# Snail Eating Fish



## Qwertus (Oct 14, 2008)

I'm looking for a type of fish that doesn't grow out of a 10 gal and can keep the snail population in check for my shrimp tank, anyone got recommendations? I'm keeping baby Japanese Trapdoor, Malaysian Trumpet and Ramshorn atm. Current Fish includes an Oto cat, Furcatus Rainbows and Neon Tetras.

I have Organic Potting Mix and Topsoil dirt so fish that digs will not work.


----------



## fishyerik (Oct 8, 2008)

I do think it will be hard to find anything that controls the MTS without eridicating the ramshorns. In such a small tank it can be tricky to have a balance between predator and prey, especially when you have such different species that you want to control.

Perhaps you can get a few assasin snails _Anentome helena _to control the ramshorns an pick or trap the MTS? Don't get to many assasin snails, they usally prefer ramshorns over MTS but they eat MTS as well, and they are the only organism that I can think of that do that and is reasonable to keep in your tank. I do think you should wait until your trapdoor snails have grown a bit.


----------



## Qwertus (Oct 14, 2008)

Does trapdoor snails eat those other snails? I have several adult ones that breed regularly. I just need something to keep both the ramshorn and MTS at bay and prevent the entire tank to fill up with them. Does assassin snails produce fast?


----------



## ddavila06 (Jan 31, 2009)

get a clown loach, it grows big but super slow. give it away when is getting larger....almost guaranteed to take care of your problem


----------



## gonathan85 (Sep 12, 2009)

I purchased a trio of dwarf chain loaches, but have yet to see them eat any snails...anyone else have this issue?


----------



## Qwertus (Oct 14, 2008)

Loaches tend to finish off the snails, I don't want that I just want something to keep them from blooming and take over the tank.


----------



## Six (May 29, 2006)

Tons of snails are a sign of high nutrients in the tank. If any of the food to the fish is getting to the gravel, you're only feeding the snails. If water changes aren't done regularly or there are nutrient producers in the tank (goldfish esp.) you'll get algae and thus snail food.

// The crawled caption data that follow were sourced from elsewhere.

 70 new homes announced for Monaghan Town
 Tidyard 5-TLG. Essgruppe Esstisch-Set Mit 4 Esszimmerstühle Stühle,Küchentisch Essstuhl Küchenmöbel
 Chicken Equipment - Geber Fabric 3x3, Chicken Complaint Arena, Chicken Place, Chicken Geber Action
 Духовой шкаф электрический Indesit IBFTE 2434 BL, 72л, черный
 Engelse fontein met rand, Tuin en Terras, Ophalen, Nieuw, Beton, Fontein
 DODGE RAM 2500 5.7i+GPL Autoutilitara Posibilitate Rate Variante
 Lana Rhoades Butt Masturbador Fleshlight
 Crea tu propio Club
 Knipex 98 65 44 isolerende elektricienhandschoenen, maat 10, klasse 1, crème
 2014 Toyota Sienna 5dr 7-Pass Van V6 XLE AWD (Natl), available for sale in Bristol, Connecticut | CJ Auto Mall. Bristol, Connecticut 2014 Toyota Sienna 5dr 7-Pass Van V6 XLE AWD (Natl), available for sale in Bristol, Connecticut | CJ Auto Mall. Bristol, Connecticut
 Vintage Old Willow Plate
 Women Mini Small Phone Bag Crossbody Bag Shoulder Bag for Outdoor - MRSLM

Snails are pretty easy to control IME. Why add a fish to eat them?

gonathan, they do not really eat in the open, so they are likely doing a good job of helping you, the problem just may be a bit bigger than you thought. Ever turn out the lights on the tank then look in there 2-3 hours later? Snails all over. Plus they will not irradiate them 100%. They just control them.

GL


----------



## fishyerik (Oct 8, 2008)

I haven't kept those trapdoor snails, so I can't answer that, but they probably won't do much in controlling MTS, other than competing with them for food. Ramshorns eggs or newly hatched ones are eaten by some other types of larger snails such as Asolene spixi often to the point where reproduction is totally stopped. 

Assassin snails reproduction vary depending on the situation from none at all to very slow compared to your other snail species, problems with overpopulation is highly unlikely. 

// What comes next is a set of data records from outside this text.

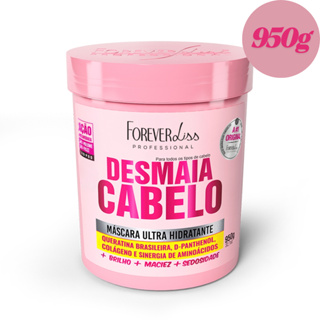 MASCARA ULTRA HIDRATANTE FOREVER LISS 950G DESMAIA CABELO em Oferta na Shopee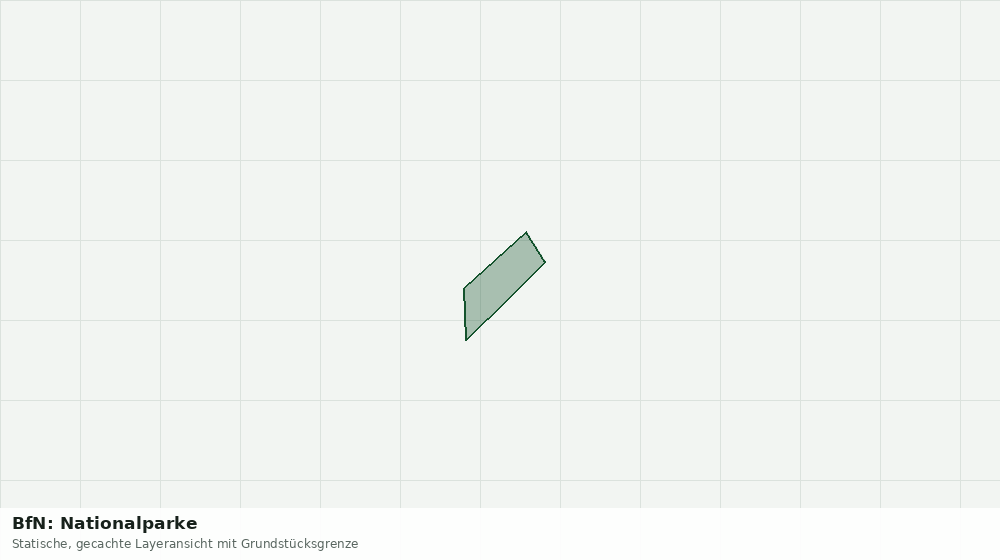 Statische Kartenansicht: BfN: Nationalparke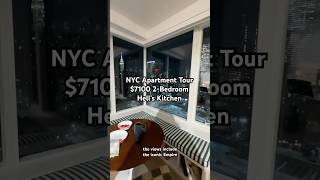 Let’s tour a 2-bedroom apartment in the Hell’s Kitchen neighborhood of New York City! #nycapartment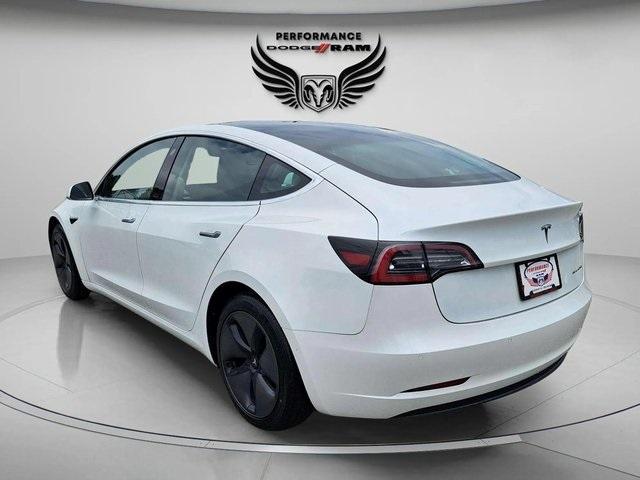 used 2020 Tesla Model 3 car, priced at $20,885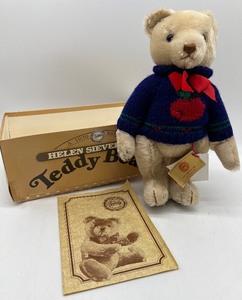 lot 187 image: Artisan Original Jointed HERMANN TEDDY BEAR - Helen Sieverling - LE 5571000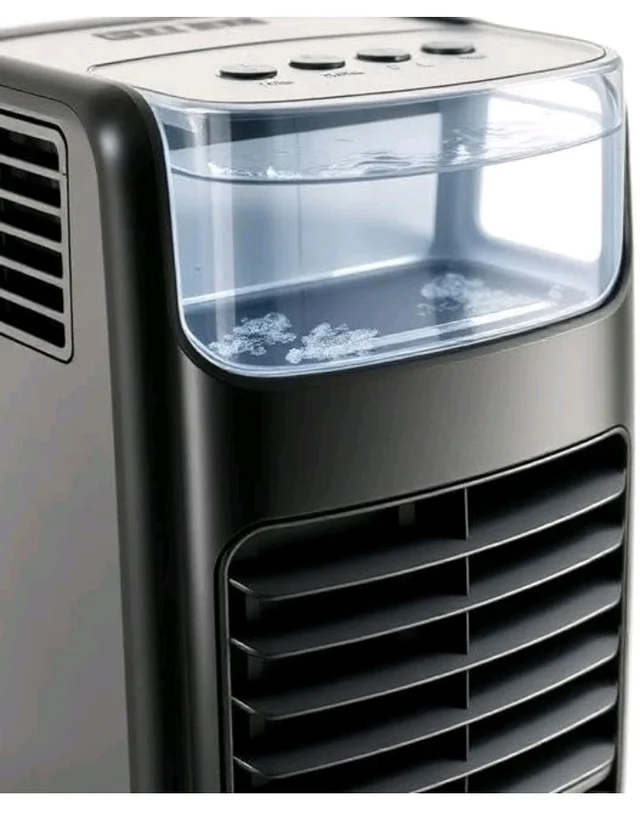 Drumstone (10 Year Warranty) Portable Air Cooler with Water Tank, Compact Personal Air Cooler & Cooling Fan with Water Circulation, Cooler for Bedroom, Office, Home, Study Room
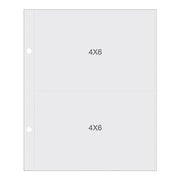 Simple Stories - Sn@p! Pocket Pages for 6x8 Binders - 4x6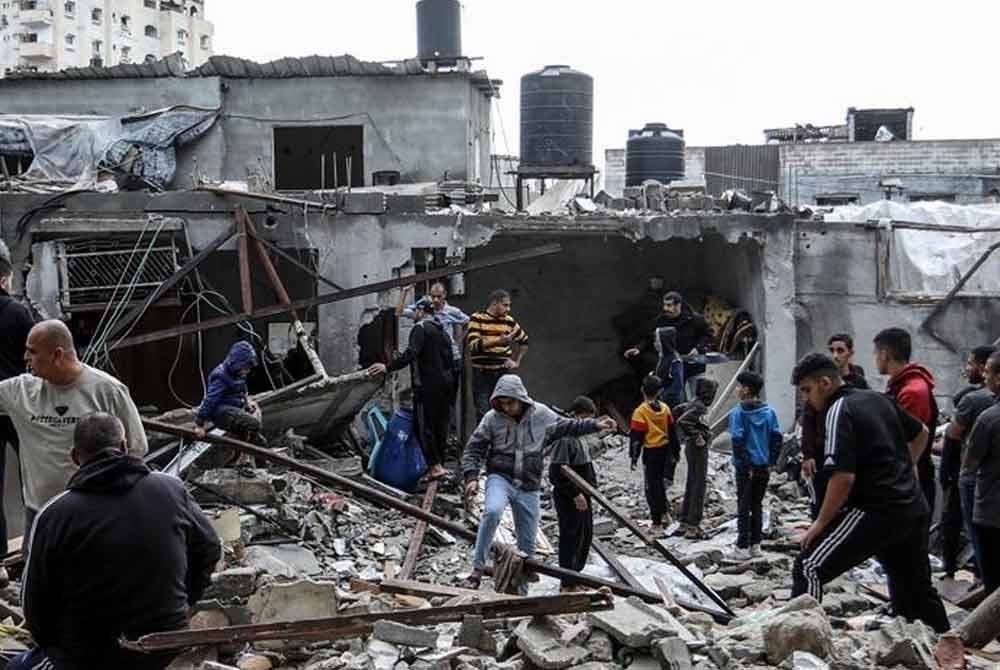 jurugambar hilang 47 ahli keluarga sekelip mata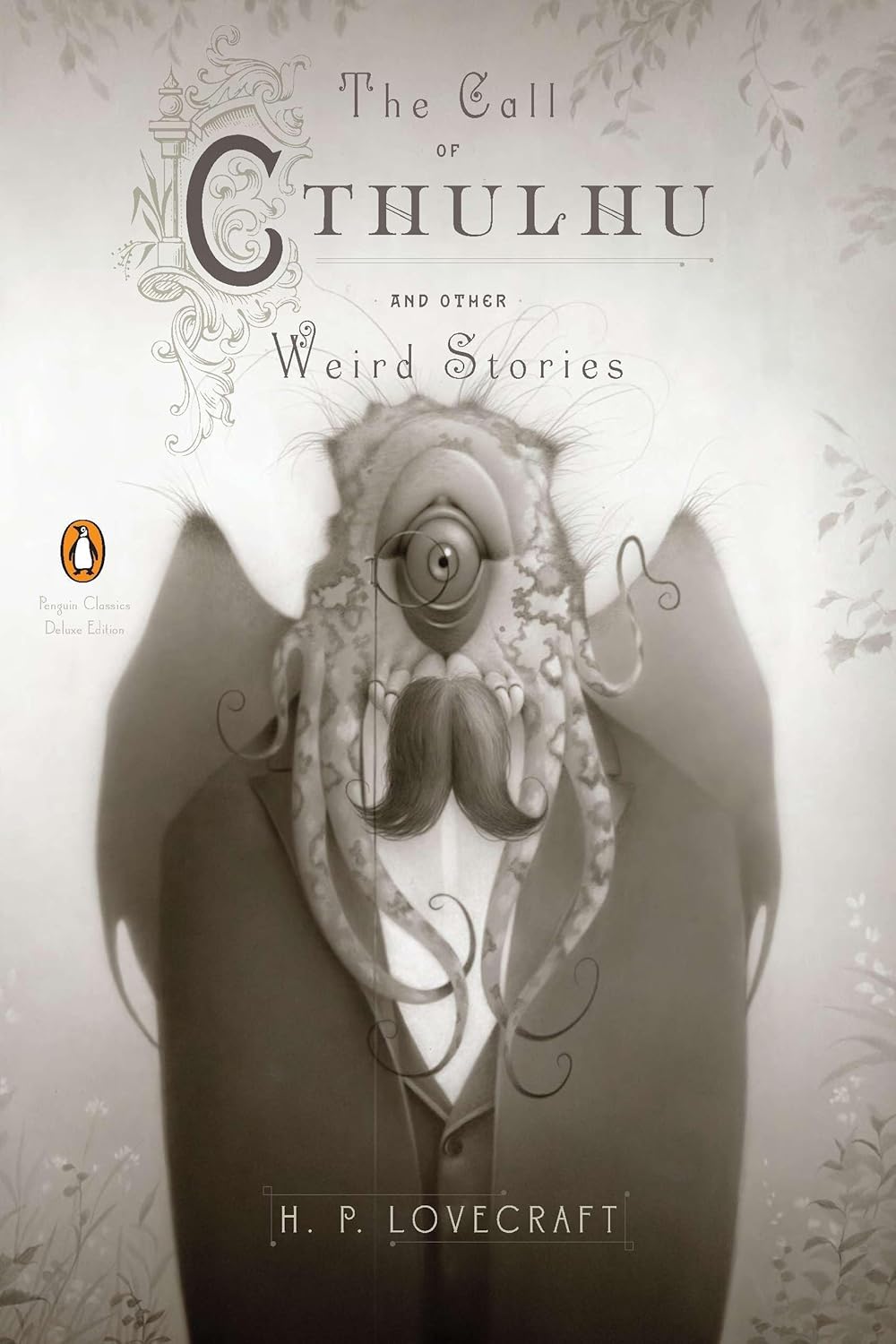 Book cover of 'The Call of Cthulhu' by H.P. Lovecraft with a stylized depiction of Cthulhu.Bookish Wonderland serves readers throughout Bangladesh with books for everyday reading, making it simple to order online through urgent delivery options in Dhaka and reader-friendly cream paper.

ddavila: If you put ONE potentially large, schooling fish with high nutrient needs in a 10 g and feed it no more than a standard filter for that size aquarium can handle it will probably grow super slow due to stress and malnutrition, you're absolutely correct about that, but even half grown clown loaches is not usually effective against MTS. 

gonathan85: What kind of snails do you have? Your botias will for example not be able to control MTS.


----------



## LVKSPlantlady (Oct 4, 2009)

gonathan85 said:


> I purchased a trio of dwarf chain loaches, but have yet to see them eat any snails...anyone else have this issue?


Dont feed them for 4 days or so, they will be just fine but super hungry! Then WILL eat the MTS!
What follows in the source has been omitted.